§ **ABOUT THIS TASK**
Go to the line below that has "Swimwear Charmline |", print it and each line after it exactly, and stop after the line that has "Pet Memorial Pet"; leave out pictures.

§ **SOURCE MATERIAL**

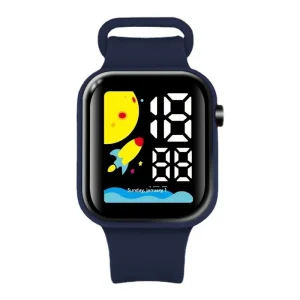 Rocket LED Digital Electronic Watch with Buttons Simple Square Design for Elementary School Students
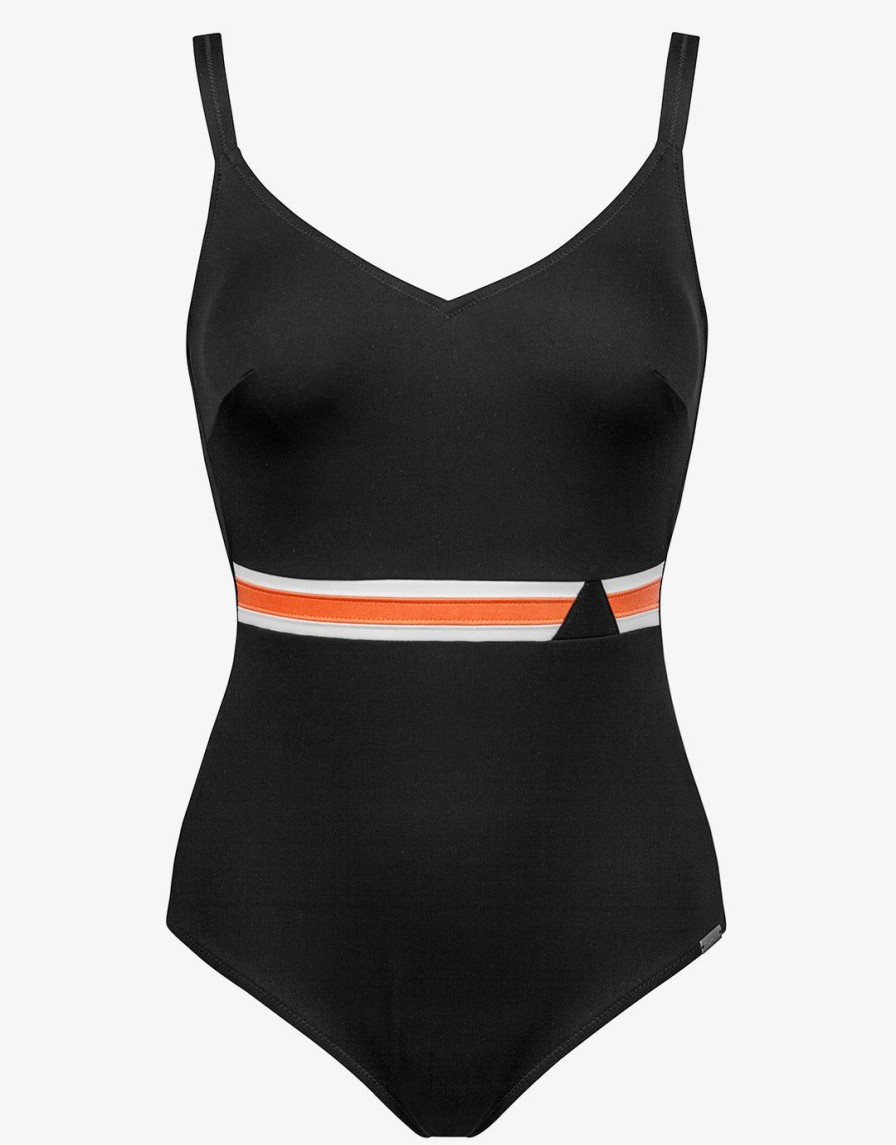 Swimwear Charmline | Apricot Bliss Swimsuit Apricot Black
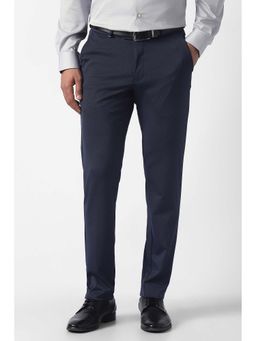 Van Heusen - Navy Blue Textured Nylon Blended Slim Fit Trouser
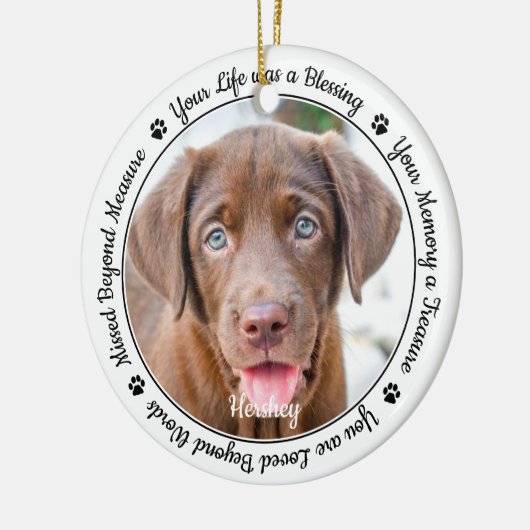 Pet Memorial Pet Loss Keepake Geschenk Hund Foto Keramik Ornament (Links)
==
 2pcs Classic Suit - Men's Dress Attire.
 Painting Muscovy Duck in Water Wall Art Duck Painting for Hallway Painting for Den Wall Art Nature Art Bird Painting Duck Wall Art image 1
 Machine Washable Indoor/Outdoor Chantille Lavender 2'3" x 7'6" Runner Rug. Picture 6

§ **PROBLEM SOLUTION**
 Swimwear Charmline | Apricot Bliss Swimsuit Apricot Black
 Van Heusen - Navy Blue Textured Nylon Blended Slim Fit Trouser
 Pet Memorial Pet Loss Keepake Geschenk Hund Foto Keramik Ornament (Links)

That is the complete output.